**ACTIVITY**: Set down exact lines only, from the line with "Toad - 2-Bedroom" through the last line of the material below, with every picture left out.

**SUPPLIED RECORDS**:
==============================
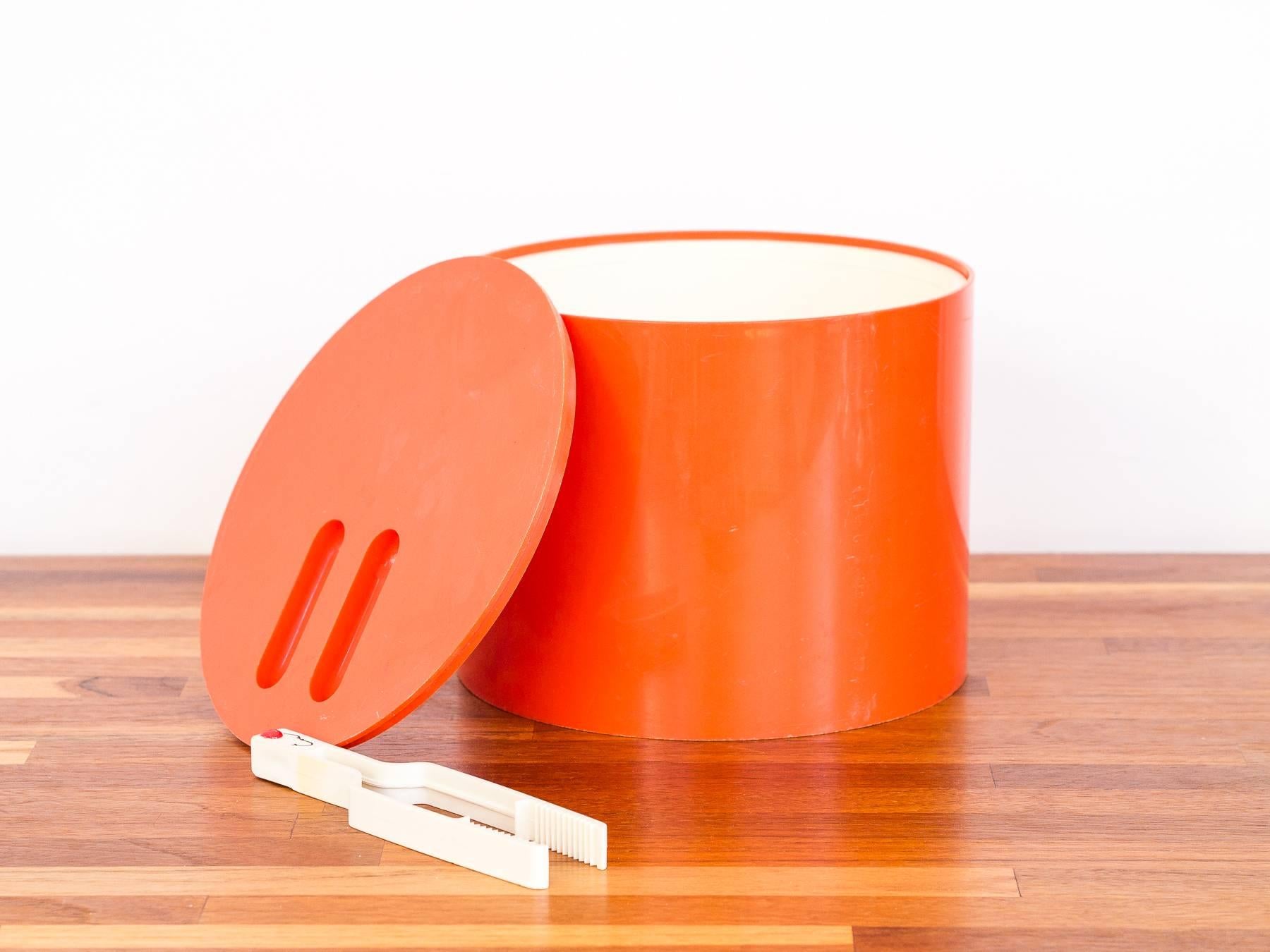 This Classic, 1970s design by Zalszupin, Mellone and Pedreira has been polished and is in great conditions. The inner bucket drains water and creates an air cushion with the exterior, so that the ice cubes melt slower and are always ready to serve.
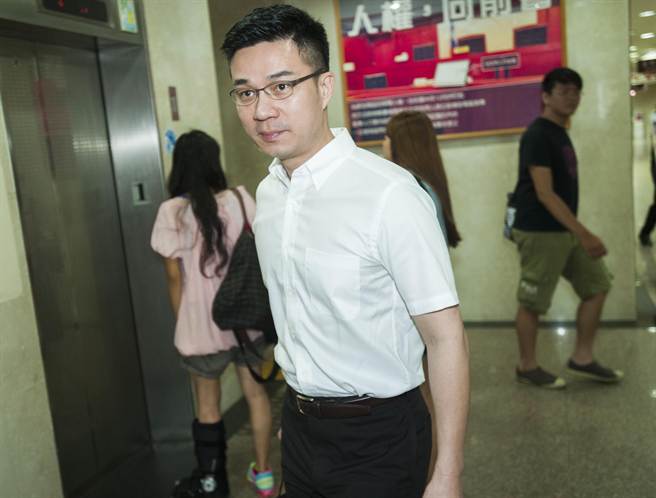 胖達(dá)人內(nèi)線交易案 小S老公獲判無罪、公公被判2年 胖達(dá)人內(nèi)線交易案 小S老公獲判無罪、公公被判2年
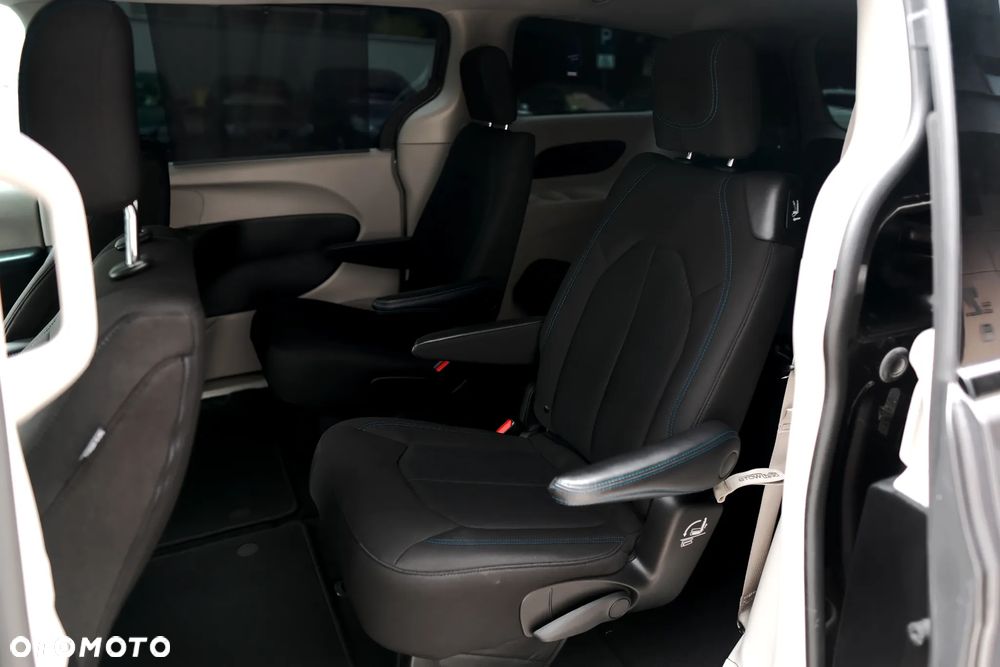 Chrysler Pacifica - 17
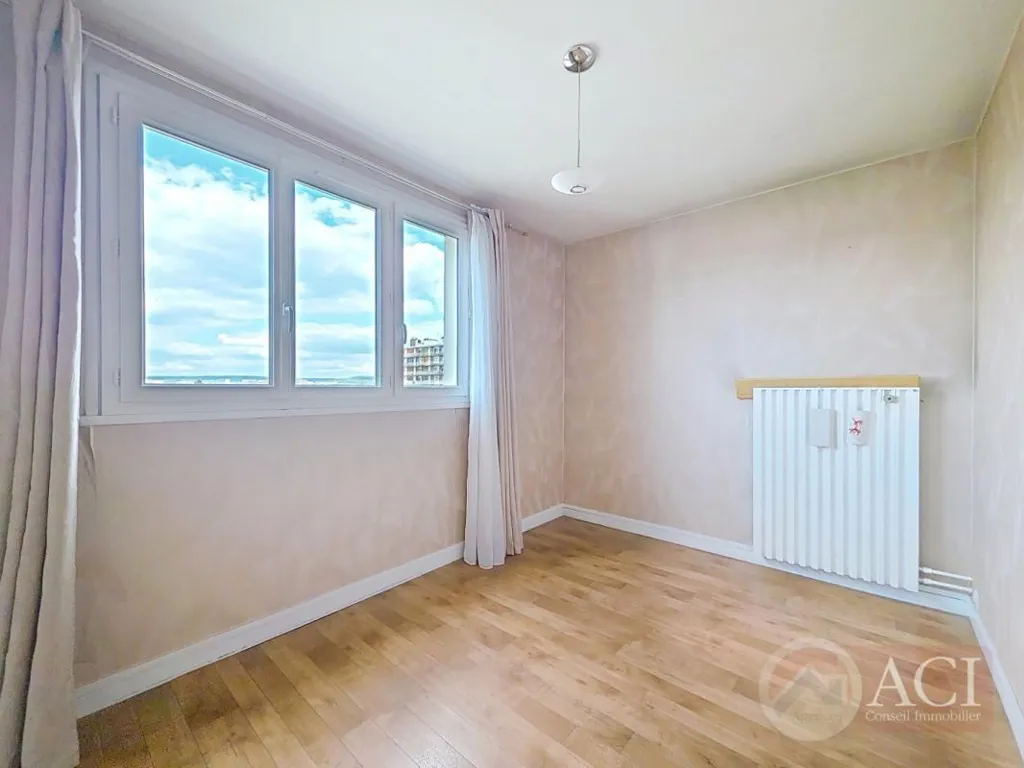 Toad - 2-Bedroom Flat with West View in Epinay-sur-Seine
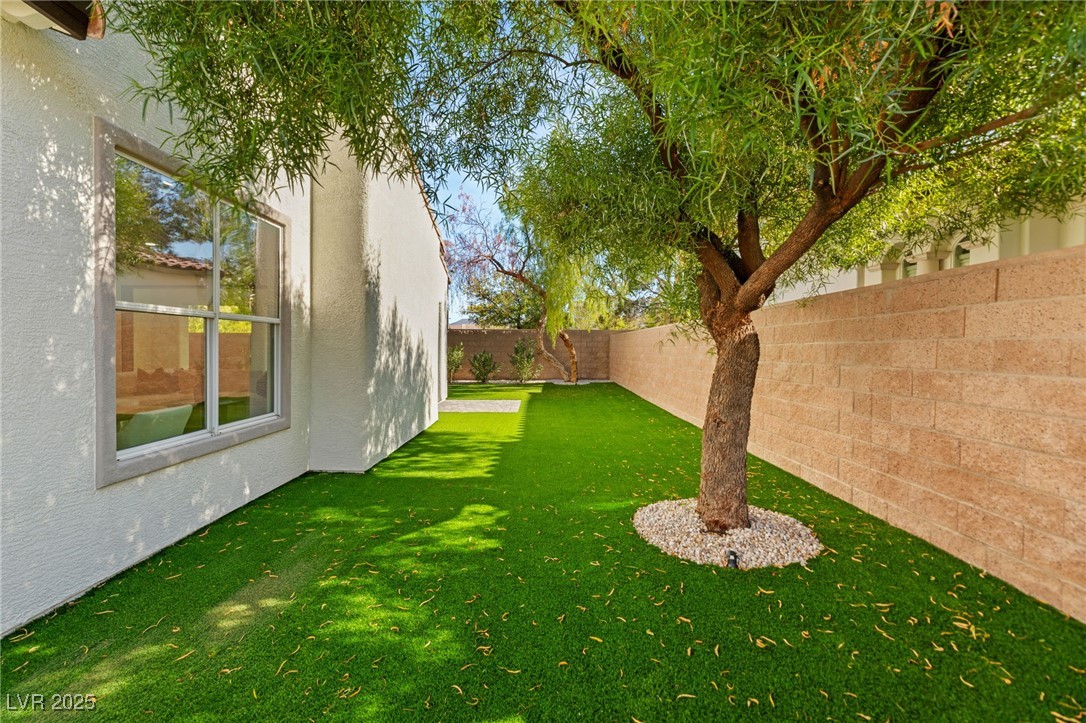 Las Vegas, Nevada 89141, United States, 4 Bedrooms Bedrooms, ,4 BathroomsBathrooms,Residential,Active,240284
==============================
**EXERCISE SOLUTION**:
 Toad - 2-Bedroom Flat with West View in Epinay-sur-Seine
 Las Vegas, Nevada 89141, United States, 4 Bedrooms Bedrooms, ,4 BathroomsBathrooms,Residential,Active,240284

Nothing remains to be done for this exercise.